Once a new micro-service was completed, legacy code could be modified to use it when that area was touched or ready to be attacked. This broke the problem down into small, independent pieces and allowed an organic evolution to the modernized system.
Another aspect of this project was that all software builds were done manually using tribal knowledge on developer laptops and then copied to testing and production environments (which had their own issues). So, we also had to address the build process and automate this area, as well as part of the overall project.
It took about 3 months to get the first team turned around and productively writing code again. Once this pattern was established and demonstrated success, we continued to roll it out across the other development teams and product areas.
Over time, the product and development organizations learned how to work together instead of against each other, and the level of technical debt incrementally and continuously dropped with each iteration and release. After about 6 months, there were enough independent services and legacy code using the new services that it started to become possible for the company to add new features to the product while continuing to remediate the legacy code, thus further reducing technical debt.

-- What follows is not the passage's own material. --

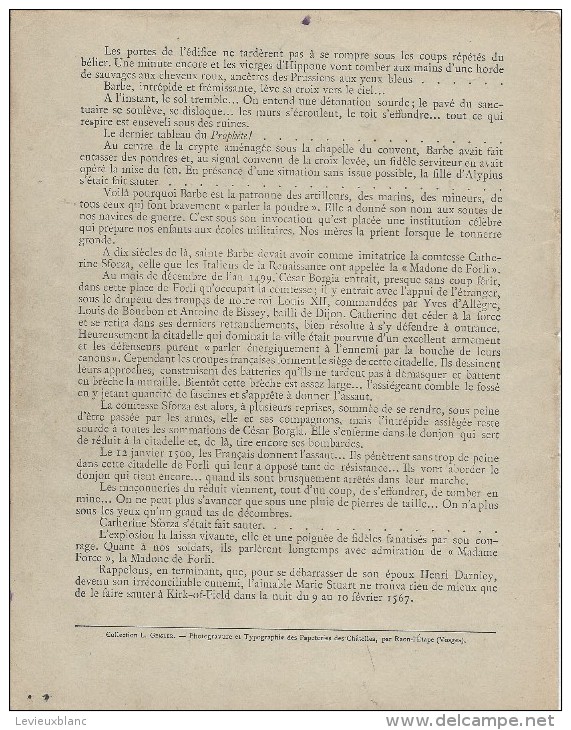 Couverture De Cahier D´écolier/Les Héroïnes/Les Torpilleuses/Geisler/VOSGES/Vers 1895-1905   CAH68 - Autres & Non Classés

Today, this company regularly releases new and enhanced features in existing applications and has successfully launched two new applications using the micro services built during this exercise into the market. The overwhelming technical debt problem has been resolved and the product development culture transformed. The discipline and capabilities we brought to the teams have been integrated and are now part of the core capabilities of the organization.
They will not find themselves in such an adverse position of overwhelming technical debt again, and now they have the tools and skills to manage technical debt correctly. The CTO who hired us was the only executive who kept his job during a top-down reorganization and was offered a higher-level position with the parent company.
Technical debt is an issue for everyone in the software development industry, but regrettably, there is no silver bullet against it. Keeping it at bay and avoiding it’s potentially crippling effects takes a lot of thorough work, strong coding principles, and well-set-up work processes.